平成12年より検討が進められてきた広域ごみ処理施設(2市2町でシェアする大きなごみ処理施設)の計画ですが、ここへきていったん検討を中断し、2020年のオリンピック以降に改めて仕切りなおし、という方向性となった旨が、執行部より説明がありました。

当初80億円程度と見積もられていた建設コストが、震災の影響による部材の高騰などで140億円以上と大きく膨らんでしまったことが最も大きな要因となっており、ほかにも建設用地についての協議も難航しているようです。

すでに30年以上使い続けてきた御宿町の現行のごみ処理施設は、毎年4000万~5000万円程度の整備費がかかっているが、老朽化が進んできたため、今後さらなる延命措置を続けていくためには、3割増し、4割り増しの整備をかけていく必要があるとのこと。

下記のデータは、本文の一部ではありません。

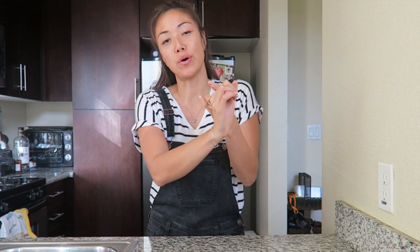Happy almost Halloween, guys. I love Halloween. I don't necessarily love dressing up, but I do love: one, getting scared in a controlled environment; two, scary movies; three, all things pumpkin; and four, candy.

どこにどんな施設を作るか。これは、2市2町(いすみ市・勝浦市・大多喜町・御宿町)で協議すべき案件の中で、もっとも大きなもののひとつ。時代の変遷とともに、バイオマスなど’燃やさない’ゴミ処理施設も出始めて来ている中で、先駆的な素晴らしい施設を作るべく、御宿町がリーダーとなって牽引できたらいいなと思っています。僕ももっともっと勉強しなくては!!